После кончины Шостаковича его вдова Ирина Антоновна решила разобрать рукописи, письма великого композитора, афиши, программы, материалы, сохранившиеся от их совместных поездок. Поскольку Шостакович просил, чтобы после смерти его наследием занимались специалисты, она стала приглашать помощников, которые могли бы систематизировать материалы и изучать их. Таким образом было положено начало функционированию Архива. Архив располагается в мемориальной квартире Шостаковича в Брюсовом переулке (при жизни Шостаковича - улица Неждановой), дом 8/10, корпус 2, квартиры 22 и 23. Адрес, который фигурирует на всех конвертах Шостаковича, - квартира 23. В этой квартире Дмитрий Дмитриевич жил последние тринадцать лет. Квартира напротив, через площадку – 22. Ее Ирина Антоновна приобрела позже. Две квартиры соединены внутренними дверями. Таким образом к мемориальной квартире добавлена офисная часть, в которой располагаются архив, библиотека и высококачественное современное техническое оборудование: компьютеры, сканеры, ксероксы, принтеры... Мы обрабатываем и описываем материалы архива, и они служат основой для последующей научной работы.

Государство как-то помогает деятельности архива?

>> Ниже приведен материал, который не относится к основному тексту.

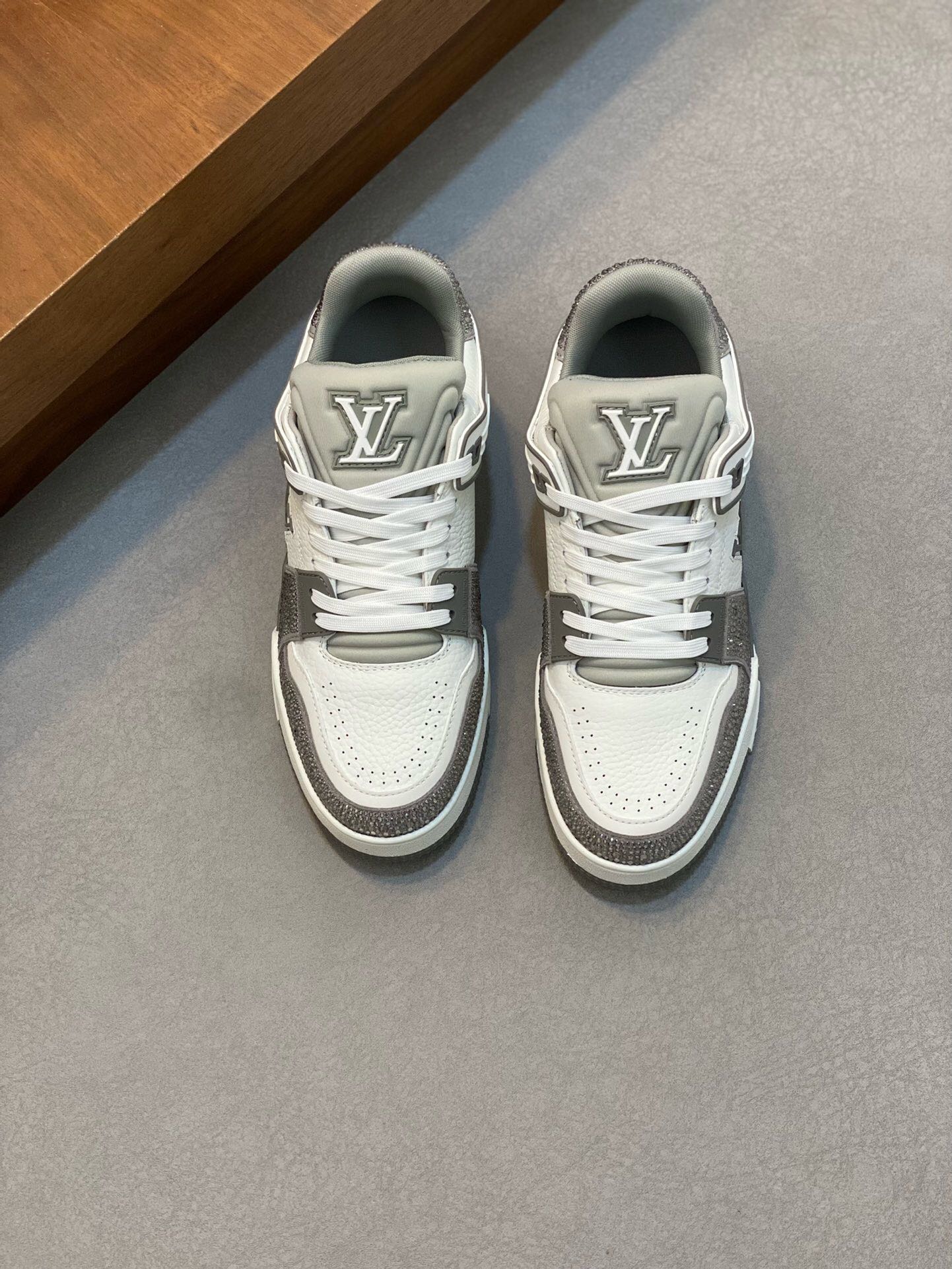 NO:216984,Brand LOUIS VUITTON Color original hot diamonds, size 39-44 customized 38.45 Price Material new Louis Vuitton high-top casual shoes!  Original single-quality Labon craft upper adopts imported original cowhide pure hand-padded cowhide footbed style fashionable simple and atmospheric original special sole, Louis Vuitton, louis vuitton, louis vuitton, cowhide19860909品牌LOUIS VUITTON 颜色原版烫钻 码数39-44定做38.45 价格 材质路易威登新款 高帮休闲鞋！原单品质拉邦工艺鞋面采用进口原版牛皮纯手工贴钻牛皮垫脚版型时尚 简单大气原版特供大底,路易威登,louis vuitton,louis vuitton,cowhide,Men's shoes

К сожалению, пока никак. Вопрос о том, чтобы государство приобрело и сделало возможным функционирование мемориальной квартиры Шостаковича на музейной основе, пока открыт. На сегодняшний день архив и издательство являются частной инициативой Ирины Антоновны. Она – генеральный директор и куратор всех издательских проектов, инициатор Нового собрания сочинений композитора и постоянного научного вестника-альманаха “Дмитрий Шостакович: Исследования и материалы” (вместе с профессором Санкт-Петербургской консерватории Л.Г.Ковнацкой мы сейчас заканчиваем работу над третьим и четвертым выпусками). Туда входят исследования по новейшим архивным, ранее неизвестным материалам, связанным с жизнью и творчеством Шостаковича. Кроме того, Ирина Антоновна издает нотную серию “Архив Шостаковича”. Публикации неизвестных нотных автографов (пускай во фрагментах) приоткрывают завесу над тайнами его творчества. Таким образом, были опубликованы Неоконченный квартет, а также обработка “Серенады” Г. Брага и неизвестный эскиз к невоплощенной опере “Черный монах” по рассказу Чехова. Эта опера была лейтмотивом всей жизни Шостаковича... В нотной серии был опубликован и первый вариант Девятой симфонии. Известно, что Шостакович изначально задумывал совсем другую Девятую симфонию – не ту, которую мы все хорошо знаем. Мне удалось атрибутировать фрагмент партитуры и доказать, что именно он является первым вариантом Девятой симфонии. Сейчас мы публикуем неоконченную раннюю оперу “Цыгане”, находку питерского исследователя Галины Копытовой. За всеми проектами стоит Ирина Антоновна. Это – совершенно беспрецедентная по своей жертвенности деятельность, сравнимая, может быть, только с деятельностью Елены Сергеевны Булгаковой и Надежды Яковлевны Мандельштам. Всю свою жизнь после кончины Шостаковича Ирина Антоновна посвятила пропаганде его творчества и деятельности, связанной с его музыкой.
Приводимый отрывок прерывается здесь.